# Assignment
Leave out all pictures. Extract exactly the lines from the one containing "Dallas Sucks (for" through the end of the data.

# Records drawn from a dataset

-- Opening Marker --

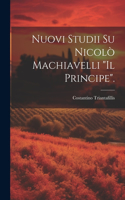 Nuovi Studii Su Nicolò Machiavelli "Il Principe".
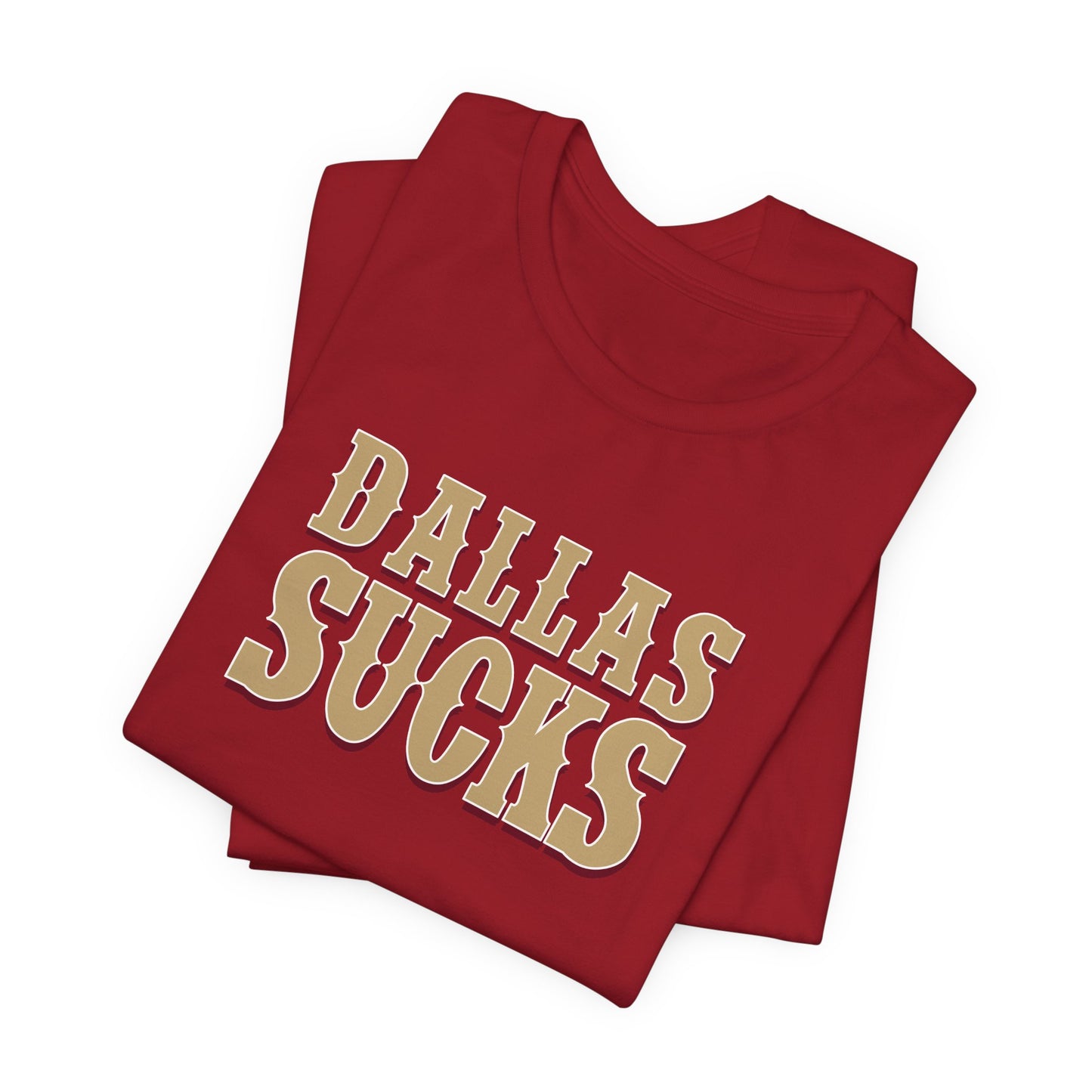 Dallas Sucks (for San Francisco fans) - Unisex Jersey Short Sleeve Tee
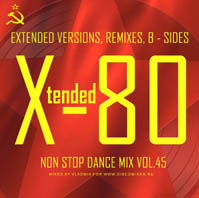xtended 80 - Non Stop Dance Mix vol.45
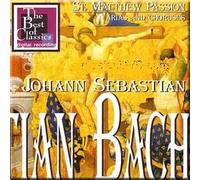 J.S. Bach - St. Matthew Passion (Arias and Choruses) - John Eliot Gardiner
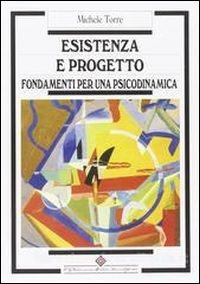 Esistenza e progetto. Fondamenti per una psicodinamica - Michele Torre - copertina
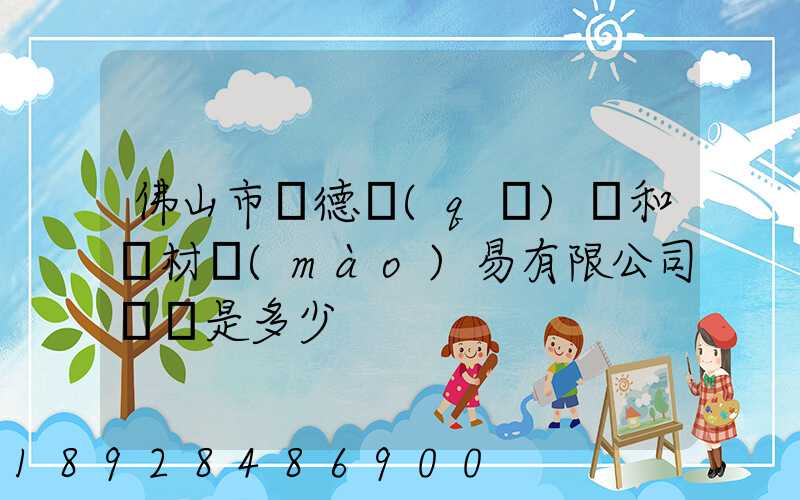 佛山市順德區(qū)晉和鋼材貿(mào)易有限公司電話是多少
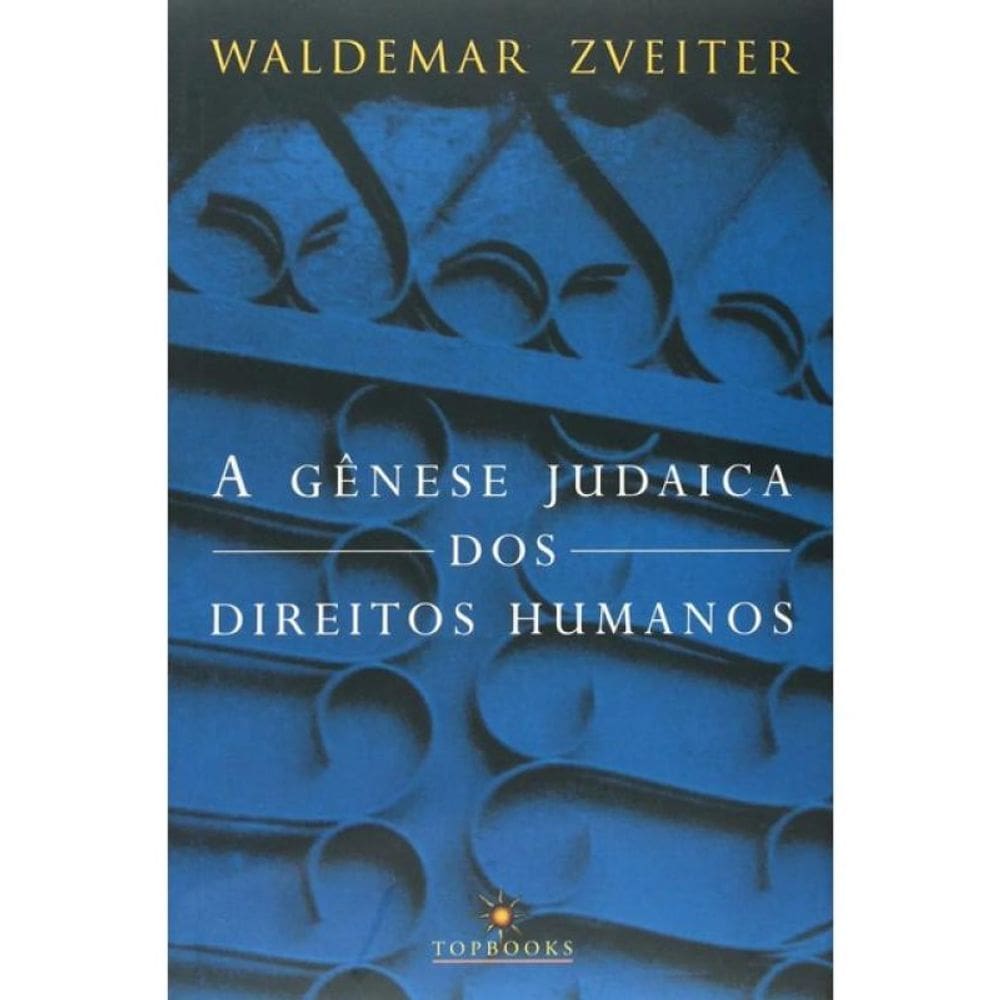 A Gênese Judaica Dos Direitos Humanos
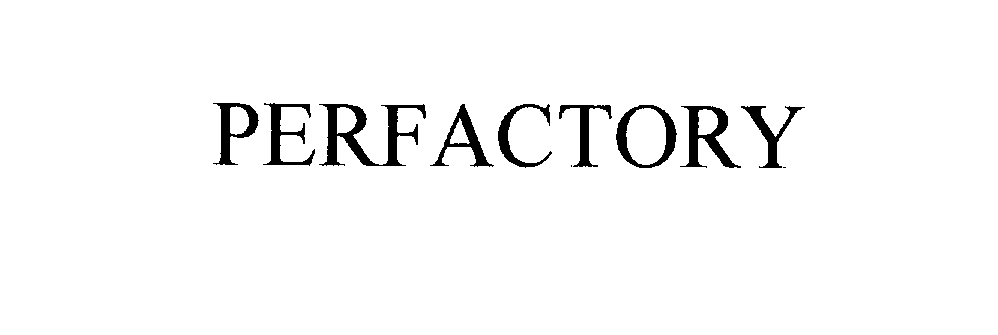 Trademark Logo PERFACTORY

-- Closing Marker --

# Exercise answer
 Dallas Sucks (for San Francisco fans) - Unisex Jersey Short Sleeve Tee
xtended 80 - Non Stop Dance Mix vol.45
 J.S. Bach - St. Matthew Passion (Arias and Choruses) - John Eliot Gardiner
 Esistenza e progetto. Fondamenti per una psicodinamica - Michele Torre - copertina
 佛山市順德區(qū)晉和鋼材貿(mào)易有限公司電話是多少
 A Gênese Judaica Dos Direitos Humanos
 Trademark Logo PERFACTORY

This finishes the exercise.